┌─ Task inputs

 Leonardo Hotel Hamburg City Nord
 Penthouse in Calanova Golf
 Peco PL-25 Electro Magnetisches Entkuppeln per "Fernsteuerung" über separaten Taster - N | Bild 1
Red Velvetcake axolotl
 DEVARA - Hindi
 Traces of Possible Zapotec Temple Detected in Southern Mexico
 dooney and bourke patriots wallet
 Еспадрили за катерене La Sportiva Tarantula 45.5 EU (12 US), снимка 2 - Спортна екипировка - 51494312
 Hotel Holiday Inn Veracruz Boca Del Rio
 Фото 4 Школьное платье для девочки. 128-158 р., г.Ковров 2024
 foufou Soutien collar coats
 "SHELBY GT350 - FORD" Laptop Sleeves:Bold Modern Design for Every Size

└─
┌─ Task inputs

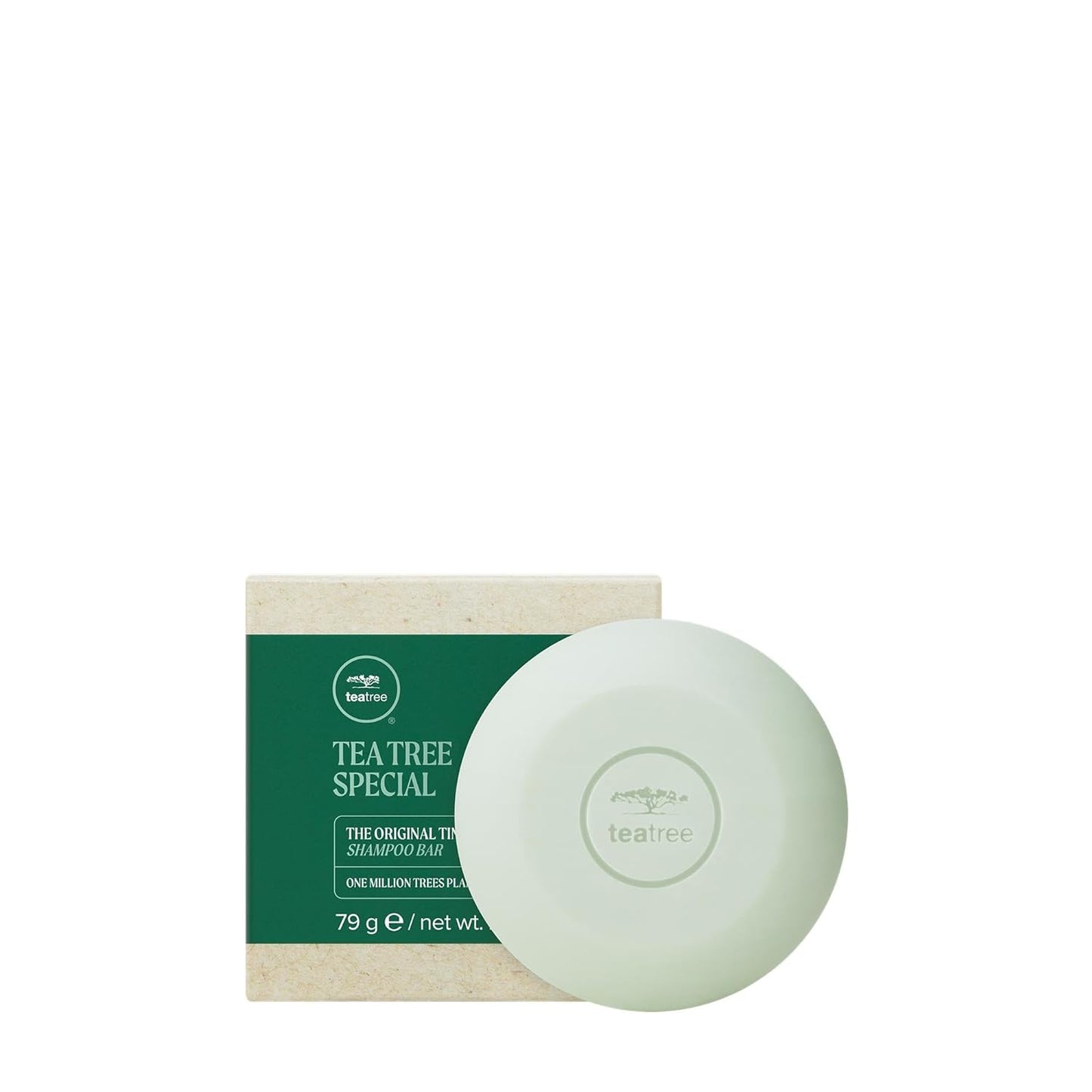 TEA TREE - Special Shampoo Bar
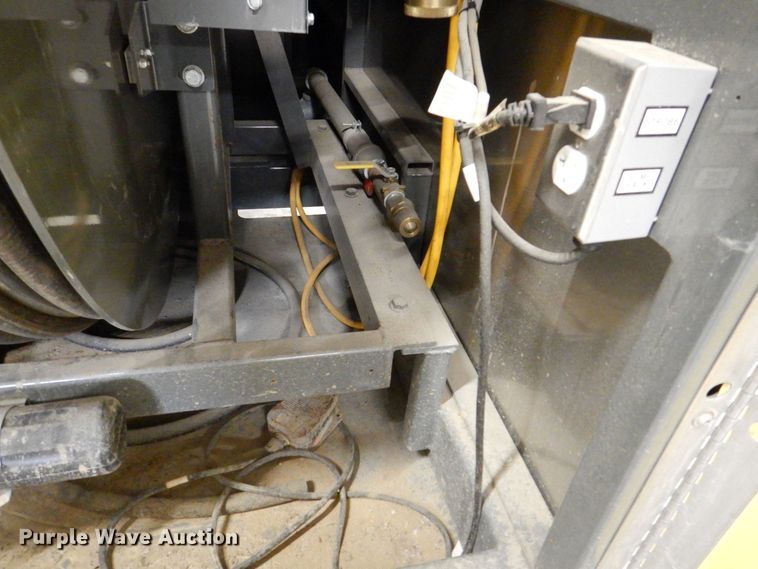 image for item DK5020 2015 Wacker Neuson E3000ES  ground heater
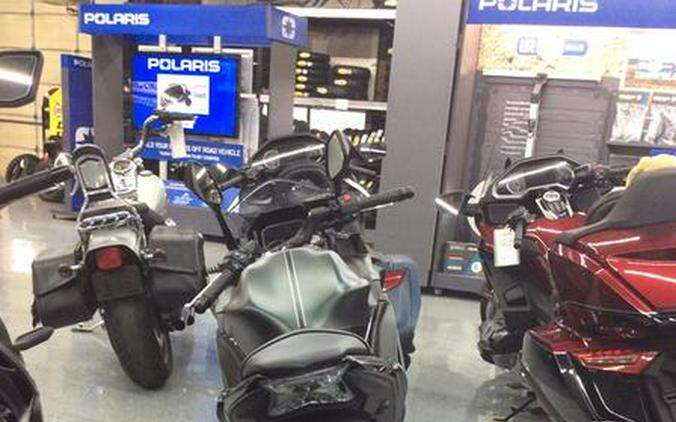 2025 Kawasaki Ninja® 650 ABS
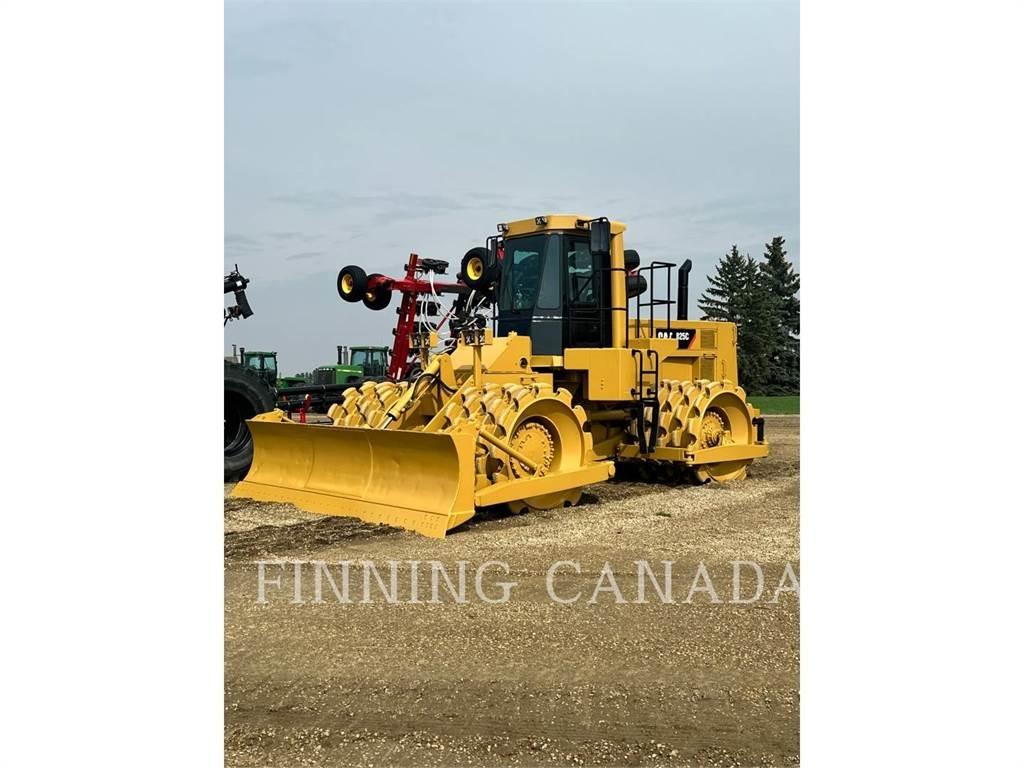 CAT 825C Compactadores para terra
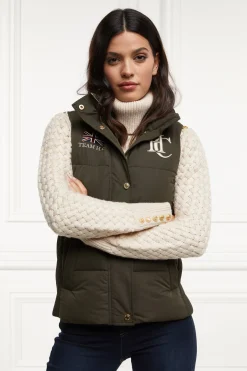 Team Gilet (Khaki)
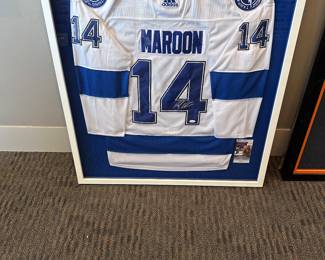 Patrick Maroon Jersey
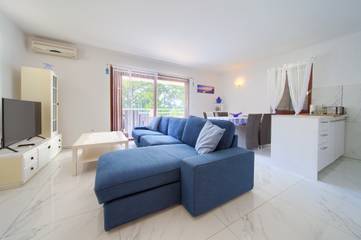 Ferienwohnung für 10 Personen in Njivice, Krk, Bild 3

└─

→ Exercise
Whenever the string "Hotel" turns up in a line of the data, copy that line.

→ Completed task
 Leonardo Hotel Hamburg City Nord
 Hotel Holiday Inn Veracruz Boca Del Rio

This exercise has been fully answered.